GLP-1 Receptor Agonists in End-Stage Renal Disease

GLP-1 receptor agonists can be used with caution in patients with end-stage renal disease, with liraglutide and semaglutide being preferred agents that do not require dose adjustment in ESRD, while exenatide and lixisenatide are contraindicated in severe renal impairment or ESRD. 1

Safety and Efficacy in ESRD

GLP-1 receptor agonists have been studied with eGFR as low as 15 ml/min/1.73 m² and retain their glucose-lowering potency across the range of eGFR, including in dialysis patients 1. The 2022 consensus report by the American Diabetes Association (ADA) and Kidney Disease: Improving Global Outcomes (KDIGO) specifically addresses this issue:

• Liraglutide and semaglutide should be used with caution in patients with severe renal impairment or ESRD 1
• Exenatide and lixisenatide are contraindicated in severe renal impairment or ESRD 1
• GLP-1 RAs retain glucose-lowering efficacy even in advanced kidney disease 1

Benefits in Renal Disease

GLP-1 receptor agonists offer several benefits for patients with diabetic kidney disease:

• Reduced albuminuria and slower eGFR decline 1
• Cardiovascular risk reduction that is at least as significant in patients with eGFR <60 ml/min/1.73 m² compared to those with higher eGFR 1
• Potential renoprotective effects through anti-inflammatory and anti-fibrotic mechanisms 2, 3

A meta-analysis of cardiovascular outcomes trials showed that GLP-1 receptor agonists significantly reduced the risk for composite kidney disease outcomes (macroalbuminuria, eGFR decline, progression to kidney failure, or death from kidney disease) compared with placebo, largely driven by reduction in albuminuria 1.
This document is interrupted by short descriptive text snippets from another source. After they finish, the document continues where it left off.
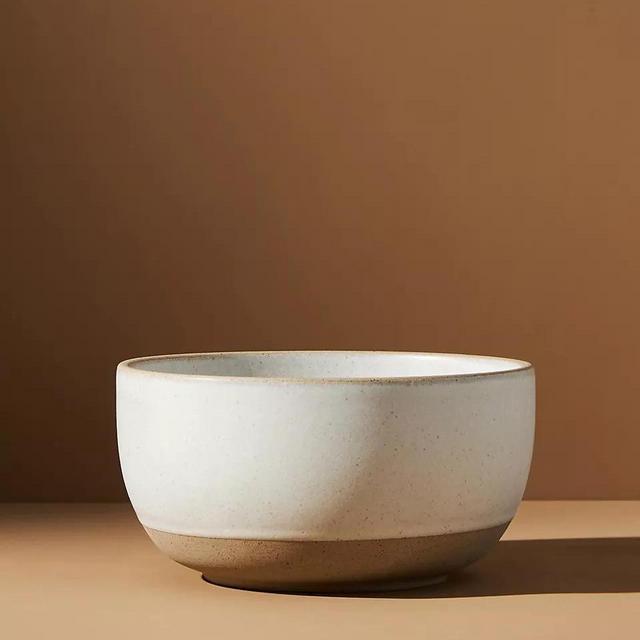 Hayes Cereal Bowls, Set of 4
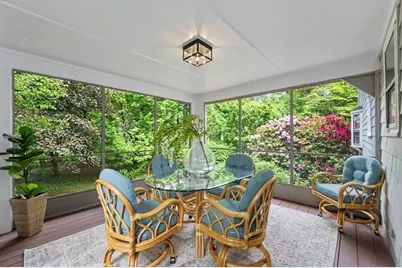 1 Bridle Path Road, Andover, MA 01810 - Photo 17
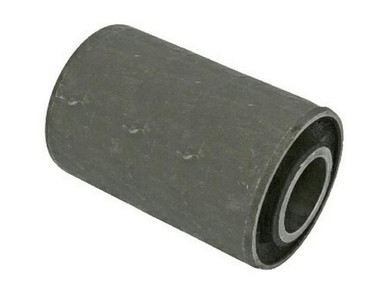 SCANIA 362385 Suspension Leaf Spring Bush | Palmer Power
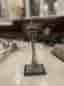 LEGO Architecture och byggnader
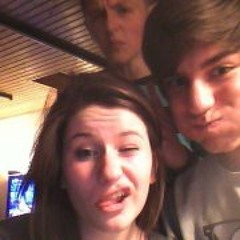 Tobias Giacomo Zanolla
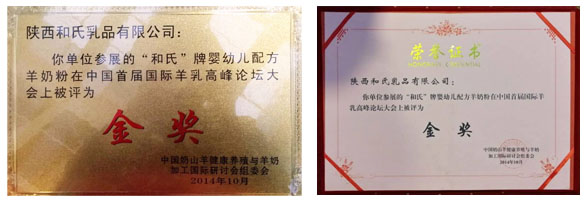 博天堂(918)官方网站 - 让你更精彩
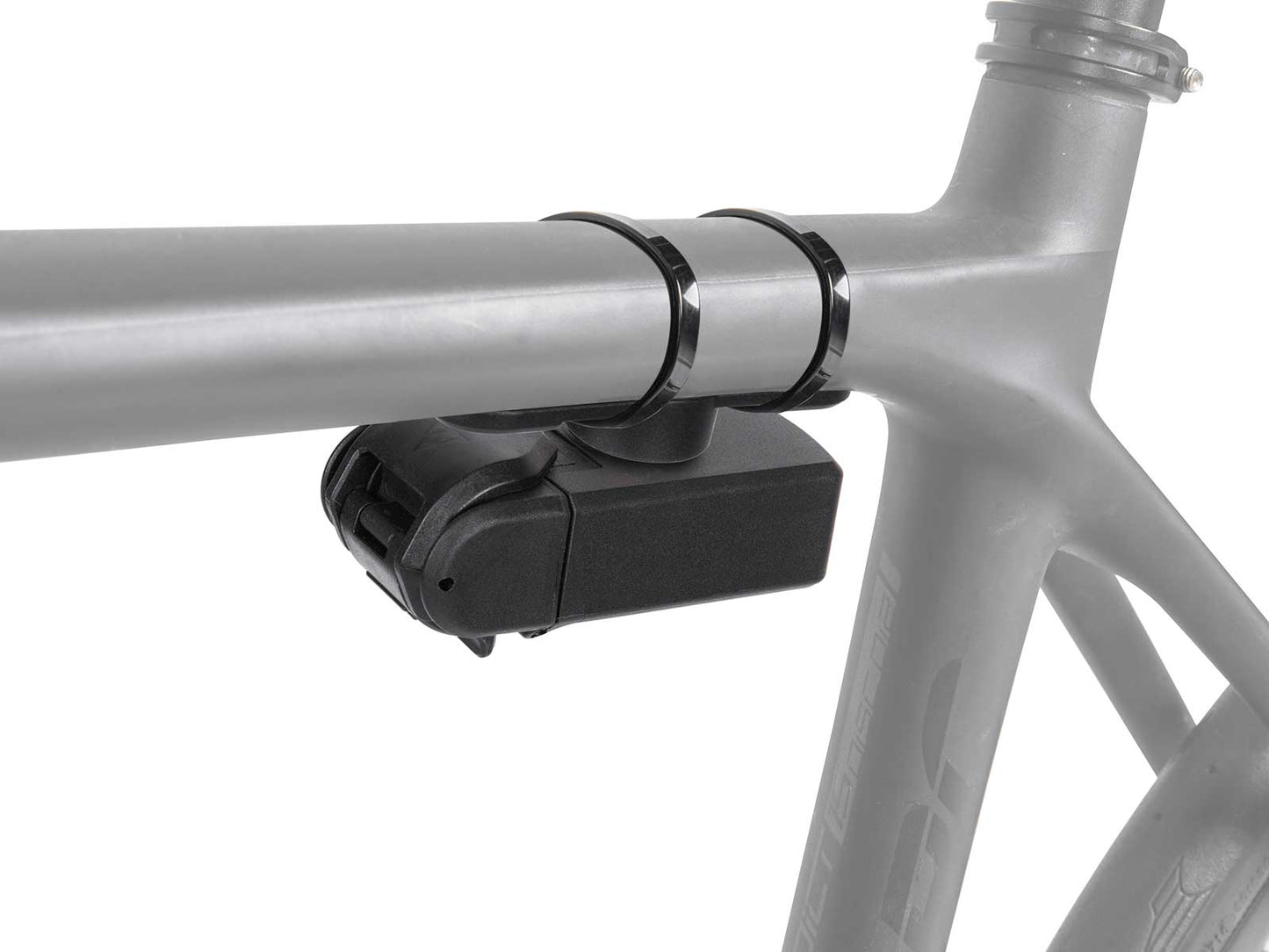 Multiherramienta Topeak Toolbox T16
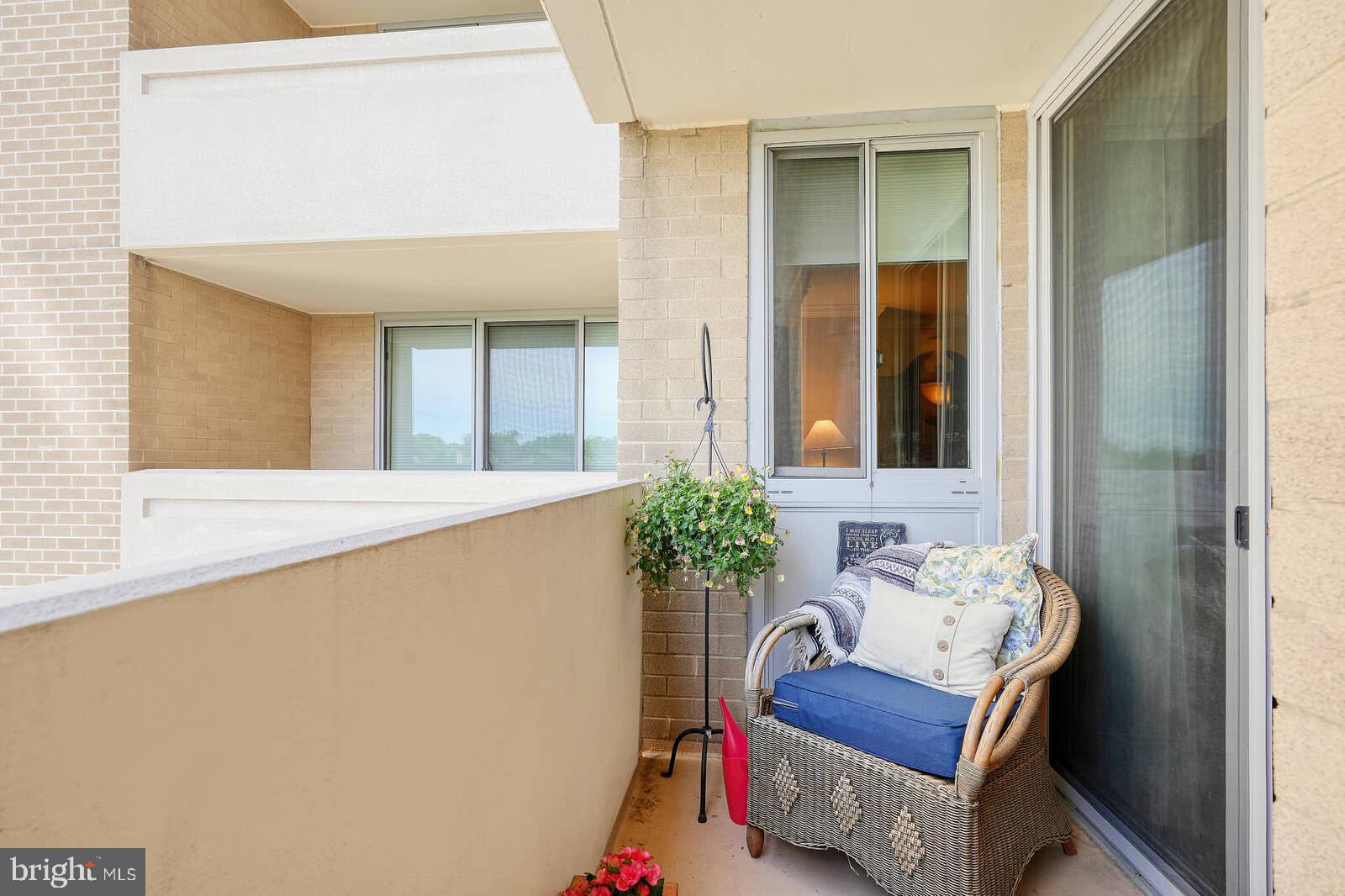 THE ELIZABETH - Residential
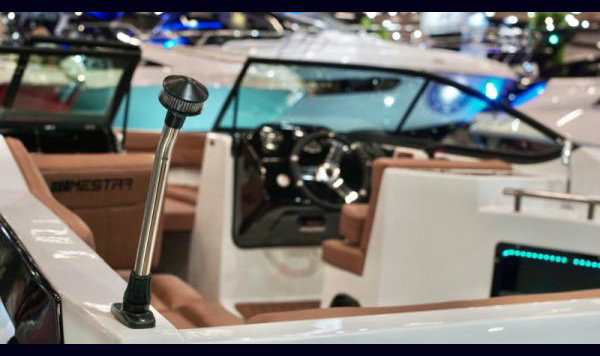 Lancha Mestra 200 A venda barco novo 0 km www.mareconsult.com.br (4)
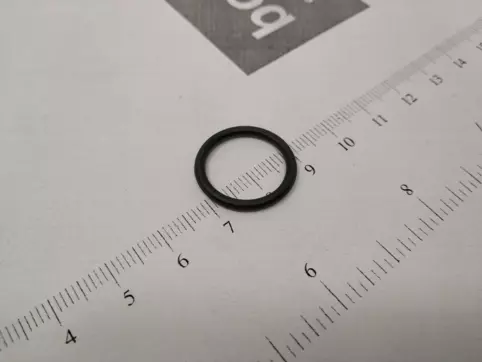 O-RING, 14.8X1.9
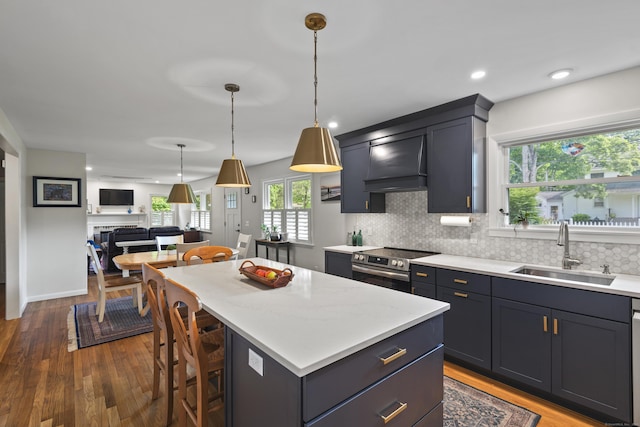 4 Hillside Rd, Old Lyme, CT 06371 - photo 3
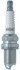 1086 by NGK SPARK PLUGS - NGK Standard Spark Plug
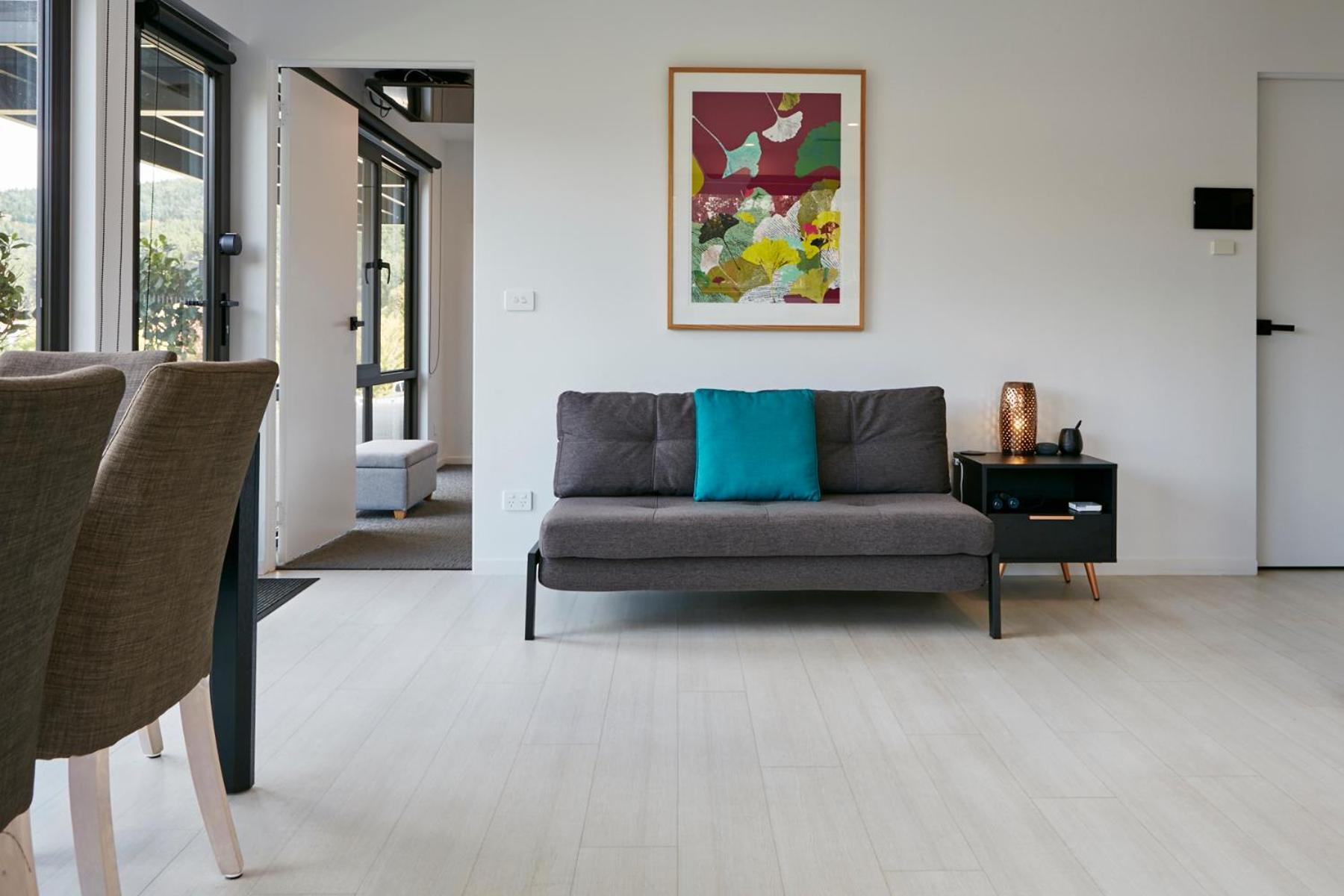 Altura Apartment Bright Extérieur photo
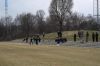 rw_essen_-_legia_warschau_by_rolleropa5_20090212_1695184085.jpg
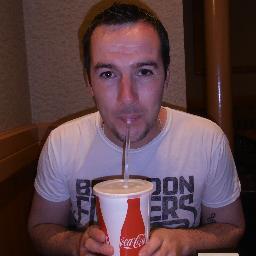 philipjones Profile Picture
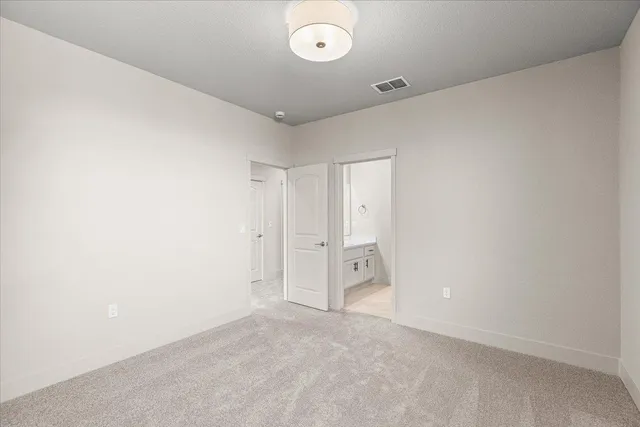 $813,500 | 2970 East Tuolumne Road, Turlock, CA 95382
Practical Considerations for Use in ESRD

When using GLP-1 receptor agonists in ESRD patients:

1. Agent selection:

   • Prefer liraglutide or semaglutide over exenatide or lixisenatide 1
   • Recent evidence suggests semaglutide may have a more favorable safety profile in ESRD patients 4

2. Dosing approach:

   • Start with the lowest dose and titrate slowly to minimize gastrointestinal side effects 5
   • For semaglutide: Start at 0.25 mg weekly and gradually increase 5
   • For liraglutide: Start at 0.6 mg daily and gradually increase 5

3. Monitoring:

   • Watch for gastrointestinal side effects (nausea, vomiting, diarrhea) which occur in 15-20% of patients with moderate-to-severe CKD 1
   • Monitor for acute kidney injury, especially with severe gastrointestinal symptoms that could lead to dehydration 6
   • Reduce doses of concomitant insulin or insulin secretagogues to prevent hypoglycemia 1

4. Special considerations:

   • In ESRD patients with obesity exceeding BMI limits required for kidney transplant listing, GLP-1 RAs can help with weight loss to facilitate qualification for transplant 1
   • For patients on dialysis, a 2023 retrospective study showed a mean A1C reduction of 0.8% with GLP-1 RA use 4

Cautions and Contraindications

Important safety considerations include:

• Contraindications: Personal or family history of medullary thyroid cancer, multiple endocrine neoplasia syndrome type 2, and history of serious hypersensitivity reaction to the drug 1, 6

• Cautions:

  • History of pancreatitis (particularly with liraglutide) 1
  • Risk of hypoglycemia when used with insulin or insulin secretagogues 1
  • Potential for gastrointestinal side effects that may worsen nutritional status in already vulnerable ESRD patients 1
  • Monitor for diabetic retinopathy complications with semaglutide, especially with rapid glucose reduction 6

Conclusion

The evidence supports the use of certain GLP-1 receptor agonists (particularly liraglutide and semaglutide) in ESRD patients, with appropriate monitoring and dose adjustments. These agents not only provide glycemic control but may offer additional cardiovascular and renal benefits in this high-risk population.